How to create a faceted search with SQL Server

Question 1

There's other places where you can get examples of turning a CSV parameter into a table variable. Assuming you have done that part your query boils down to the following:

GetFacetedProducts: Find Product records where all tags passed in are assigned to each product.

If you wrote it by hand you could end up with:

SELECT P.*
FROM Product P
INNER JOIN ProductTag PT1 ON PT1.ProductID = P.ID AND PT1.TagID = 1
INNER JOIN ProductTag PT2 ON PT1.ProductID = P.ID AND PT1.TagID = 3
INNER JOIN ProductTag PT3 ON PT1.ProductID = P.ID AND PT1.TagID = 5

While this does select only the products that have those tags, it is not going to work with a dynamic list. In the past some people have built up the SQL and executed it dynamically, don't do that.

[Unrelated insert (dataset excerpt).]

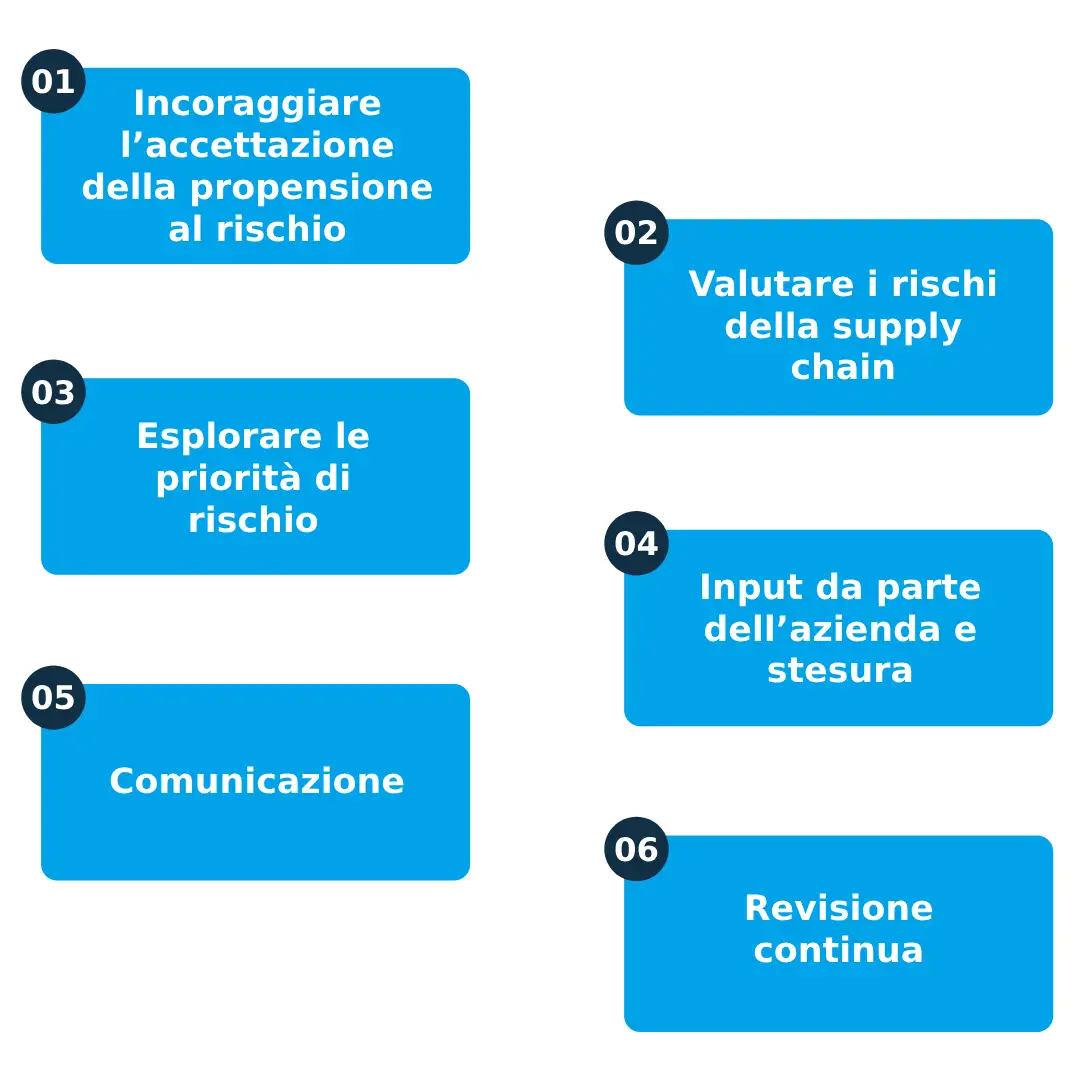 approccio graduale allo sviluppo di un'analisi dei rischi per la gestione della supply chain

Instead, lets assume that the same tag can't be applied to a product twice, so we could change our question to: Find me products where the number of tags matching (dynamic list) is equal to the number of tags in (dynamic list)

DECLARE @selectedTags TABLE (ID int)
DECLARE @tagCount int

INSERT INTO @selectedTags VALUES (1)
INSERT INTO @selectedTags VALUES (3)
INSERT INTO @selectedTags VALUES (5)

SELECT @tagCount = COUNT(*) FROM @selectedTags

SELECT
    P.ID
FROM Product P
JOIN ProductTag PT
    ON PT.ProductID = P.ID
JOIN @selectedTags T
    ON T.ID = PT.TagID
GROUP BY
    P.ID,
    P.Name
HAVING COUNT(PT.TagID) = @tagCount

This returns just the ID of products that match all your tags, you could then join this back to the products table if you want more than just an ID, otherwise you're done.

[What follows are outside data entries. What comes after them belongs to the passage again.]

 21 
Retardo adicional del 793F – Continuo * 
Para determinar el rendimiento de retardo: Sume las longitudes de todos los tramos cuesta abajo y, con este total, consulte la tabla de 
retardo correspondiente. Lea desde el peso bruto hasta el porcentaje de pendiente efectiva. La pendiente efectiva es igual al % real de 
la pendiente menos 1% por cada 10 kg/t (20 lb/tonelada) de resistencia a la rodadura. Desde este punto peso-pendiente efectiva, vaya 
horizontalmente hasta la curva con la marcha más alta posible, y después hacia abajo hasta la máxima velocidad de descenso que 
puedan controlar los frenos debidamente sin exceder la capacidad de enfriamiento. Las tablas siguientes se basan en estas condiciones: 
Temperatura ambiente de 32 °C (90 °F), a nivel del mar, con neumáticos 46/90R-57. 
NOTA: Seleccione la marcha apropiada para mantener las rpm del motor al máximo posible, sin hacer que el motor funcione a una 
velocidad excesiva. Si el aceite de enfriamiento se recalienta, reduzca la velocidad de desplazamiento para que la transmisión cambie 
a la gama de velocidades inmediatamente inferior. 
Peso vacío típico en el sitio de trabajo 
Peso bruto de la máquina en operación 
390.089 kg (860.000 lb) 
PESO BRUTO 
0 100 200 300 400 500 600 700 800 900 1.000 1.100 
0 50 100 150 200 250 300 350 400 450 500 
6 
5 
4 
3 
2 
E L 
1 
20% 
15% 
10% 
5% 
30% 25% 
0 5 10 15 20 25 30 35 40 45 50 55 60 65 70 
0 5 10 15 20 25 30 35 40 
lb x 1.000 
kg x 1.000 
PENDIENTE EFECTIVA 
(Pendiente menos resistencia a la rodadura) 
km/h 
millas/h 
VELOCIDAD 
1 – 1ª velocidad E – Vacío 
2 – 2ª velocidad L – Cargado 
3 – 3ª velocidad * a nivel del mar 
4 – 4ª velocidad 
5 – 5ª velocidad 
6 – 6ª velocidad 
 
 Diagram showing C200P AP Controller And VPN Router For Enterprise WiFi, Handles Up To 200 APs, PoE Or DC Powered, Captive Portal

As for your second query, once you have the product IDs that match, you want a list of all tags for those product IDs that aren't in your list:

SELECT DISTINCT
    PT2.TagID
FROM aProductTag PT2
WHERE PT2.ProductID IN (
    SELECT
        P.ID
    FROM aProduct P
    JOIN aProductTag PT
        ON PT.ProductID = P.ID
    JOIN @selectedTags T
        ON T.ID = PT.TagID
    GROUP BY
        P.ID,
        P.Name
    HAVING COUNT(PT.TagID) = @tagCount
)
AND PT2.TagID NOT IN (SELECT ID FROM @selectedTags)

Question 2

A RDBMS for being used for faceted searching is the wrong tool for the job at hand. Faceted searching is a multidimensional search, which is difficult to express in the set-based SQL language. Using a data-cube or the like might give you some of the desired functionality, but would be quite a bit of work to build.

When we were faced with similar requirements we ultimately decided to utilize the Apache Solr search engine, which supports faceting as well as many other search-oriented functions and features.

Question 3

It is possible to do faceted search in SQL Server. However don't try to use your live product data tables. Instead create a de-normalised "fact" table which holds every product (rows) and every tag (columns) so that the intersection is your product-tag values. You can re-populate this periodically from your main product table.

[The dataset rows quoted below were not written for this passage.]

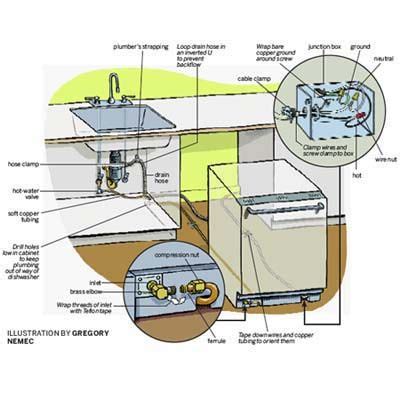 How to Install a Dishwasher | Dishwasher installation, Dishwasher ...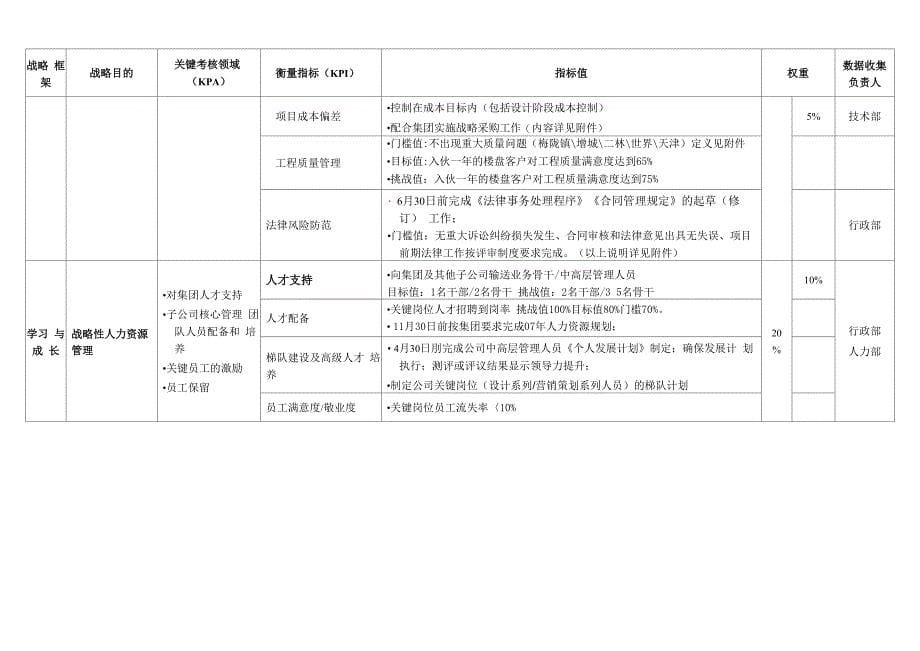 平衡计分卡及绩效指标逻辑关系_第5页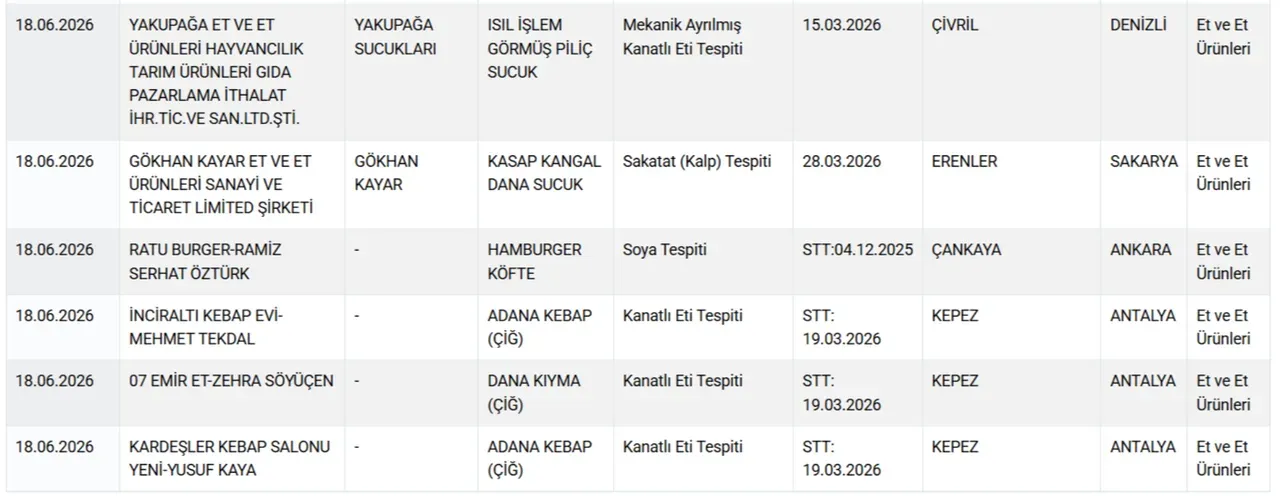 Bakanlik Markalari Ifsa Etti Sucuktan Peynire Kiymadan Bala (6)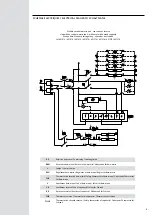 Предварительный просмотр 3 страницы Bourgeat 851022 Instructions For Use And Maintenance Manual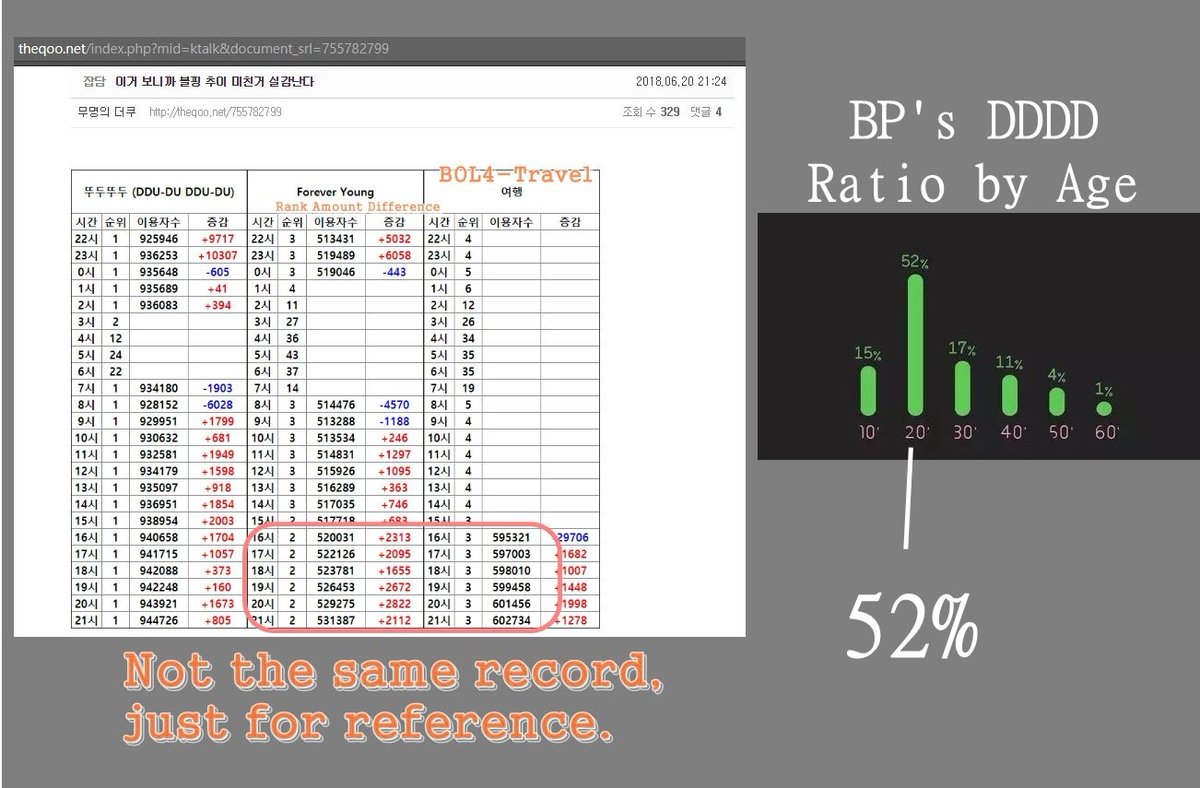  https://goo.gl/uWKms5    #BLACKPINK DDU-DU DDU-DUGender Ratio of DDDD. It would be 50:50 if the listeners is "1M+"Female kinda 2 much.The ratio of 20's is 52%. NEW RECORD.BP's FY vs BOL4's Travel:BP got a huge fandom as Boy Group.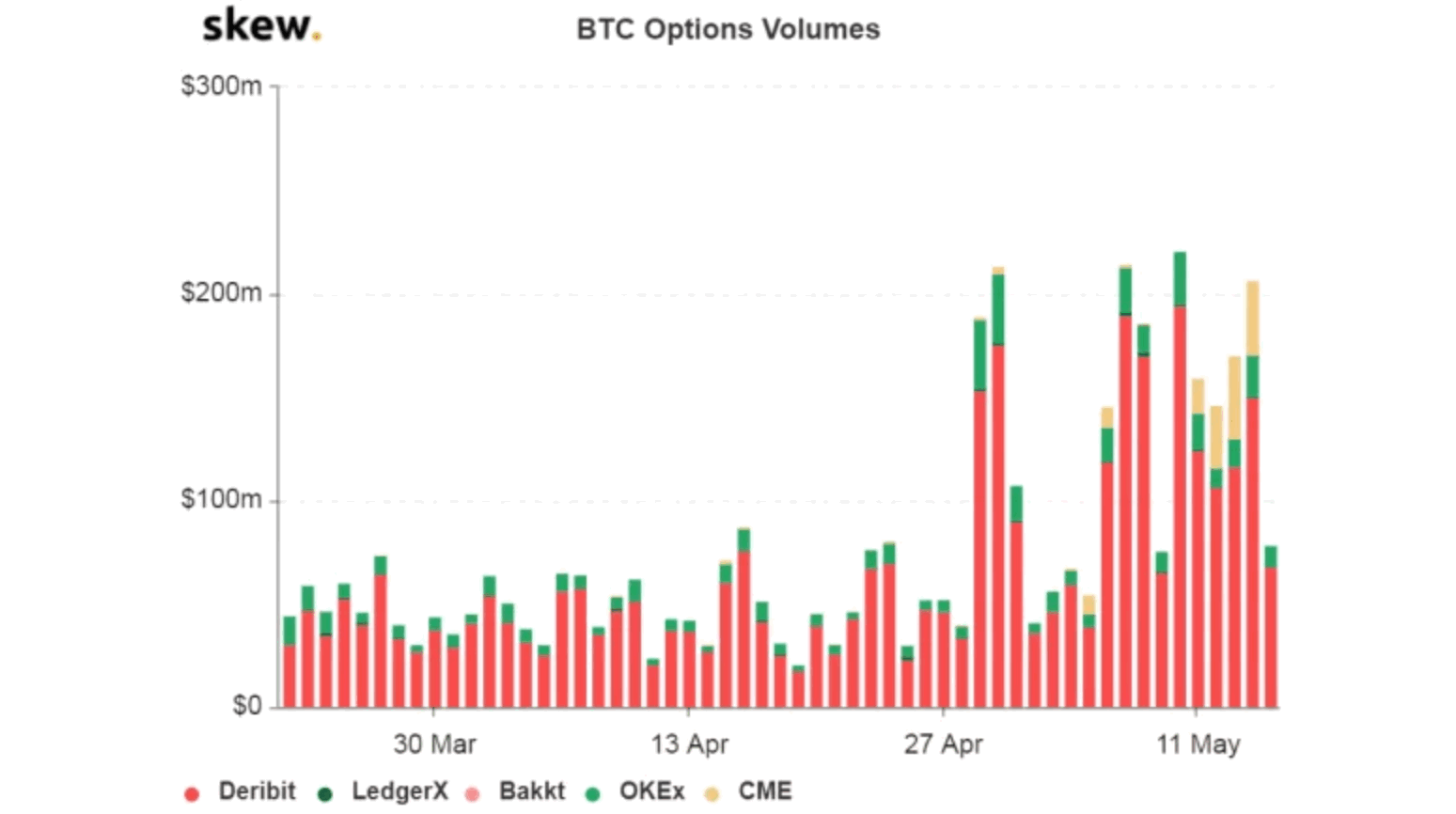 خبرنامه هفتگی ۲۶ اردیبهشت تا ۱ خرداد؛ چه کسی بیت کوینهای خفته را بیدار کرد؟ BTC option volume 17, مرداد 1405 BTC option volume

It is then straightforward and relatively efficient to get the facet counts for the matching records for each tag the user checks.

The approach I have described will be perfectly good for small cases, e.g. 1,000 product rows and 50-100 tags (attributes). Also there is an interesting opportunity with the forthcoming SQL Server 2014, which can place tables in memory - that should allow much larger fact tables.

I have also used Solr, and as STW points out this is the "correct" tool for facet searches. It is orders of magnitude faster than a SQL Server solution.

However there are some major disadvantages to using Solr. The main issue is that you have to setup not only another platform (Solr) but also all the paraphernalia that goes with it - Java and some kind of Java servlet (of which there are several). And whilst Solr runs on Windows quite nicely, you will still soon find yourself immersed in a world of command lines and editing of configuration files and environment variables that will remind you of all that was great about the 1980s ... or possibly not. And when that is all working you then need to export your product data to it, using various methods - there is a SQL Server connector which works fairly well but many prefer to post data to it as XML. And then you have to create a webservice-type process on your application to send it the user's query and parse the resulting list of matches and counts back into your application (again, XML is probably the best method).

So if your dataset is relatively small, I would stick with SQL Server. You can still get a sub-second response, and SQL 2014 will hopefully allow much bigger datasets. If your dataset is big then Solr will give remarkably fast results (it really is very fast) but be prepared to make a major investment in learning and supporting a whole new platform.